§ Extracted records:
>>

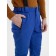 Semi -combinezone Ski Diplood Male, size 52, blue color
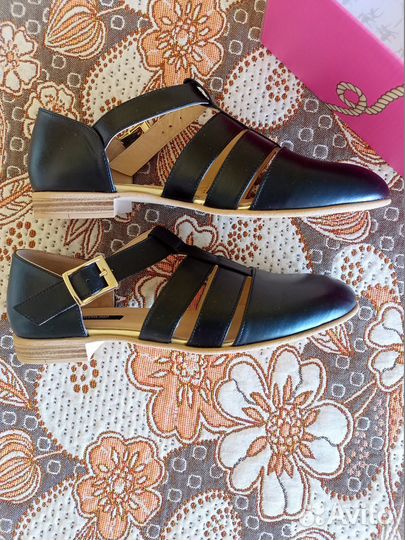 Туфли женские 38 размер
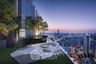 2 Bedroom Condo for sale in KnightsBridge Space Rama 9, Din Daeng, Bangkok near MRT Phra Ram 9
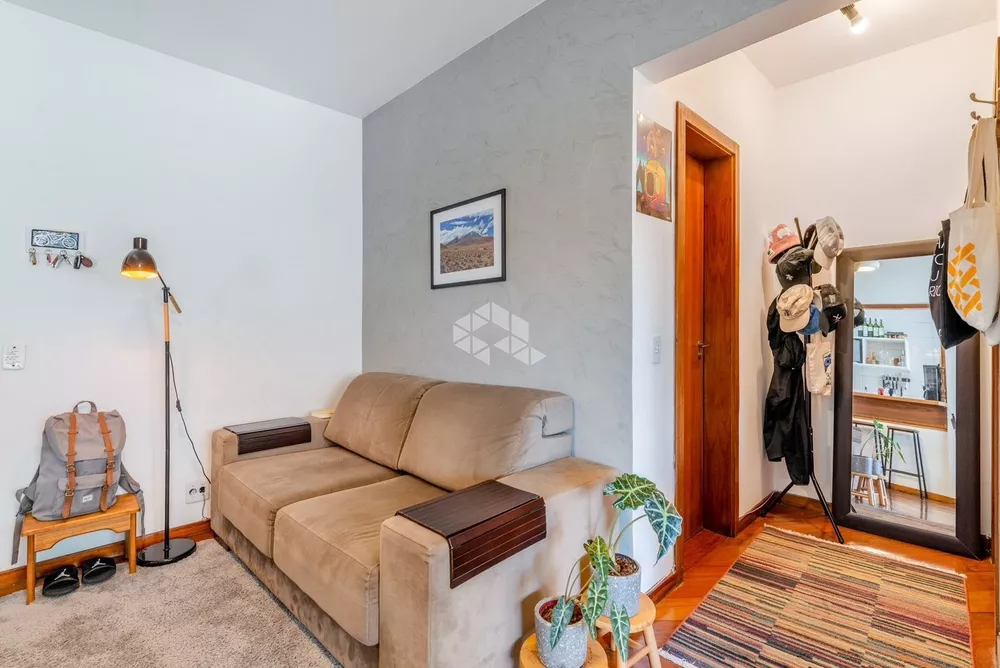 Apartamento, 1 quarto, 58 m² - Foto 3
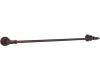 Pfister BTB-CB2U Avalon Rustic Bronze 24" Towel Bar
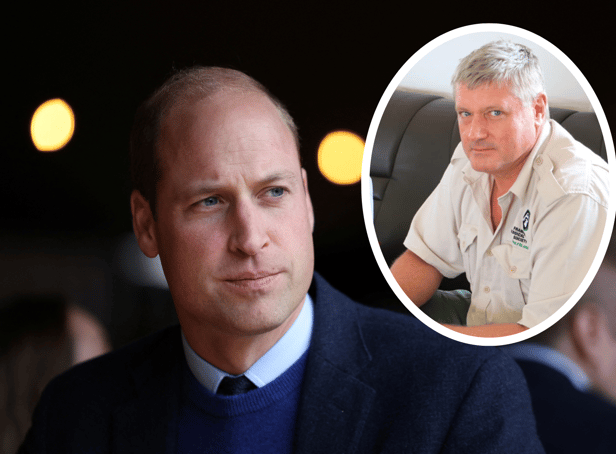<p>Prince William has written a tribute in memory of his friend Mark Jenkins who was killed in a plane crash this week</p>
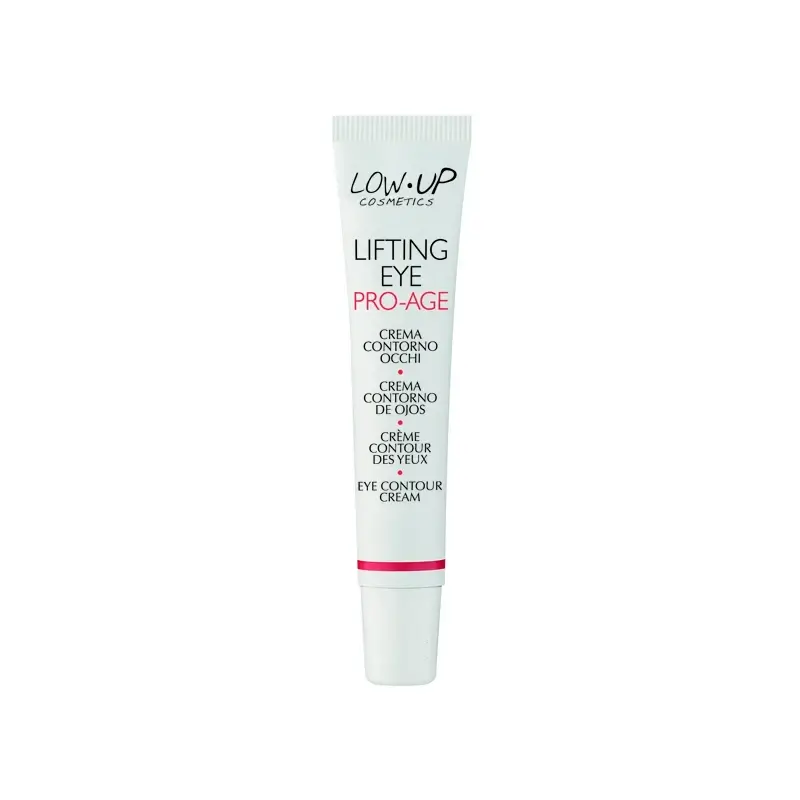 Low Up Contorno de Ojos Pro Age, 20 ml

<<

§ Brief: Start to finish, write out the data above exactly, omitting all pictures.

§ Answer below:
 Semi -combinezone Ski Diplood Male, size 52, blue color
 Туфли женские 38 размер
 2 Bedroom Condo for sale in KnightsBridge Space Rama 9, Din Daeng, Bangkok near MRT Phra Ram 9
 Apartamento, 1 quarto, 58 m² - Foto 3
 Pfister BTB-CB2U Avalon Rustic Bronze 24" Towel Bar
<p>Prince William has written a tribute in memory of his friend Mark Jenkins who was killed in a plane crash this week</p>
 Low Up Contorno de Ojos Pro Age, 20 ml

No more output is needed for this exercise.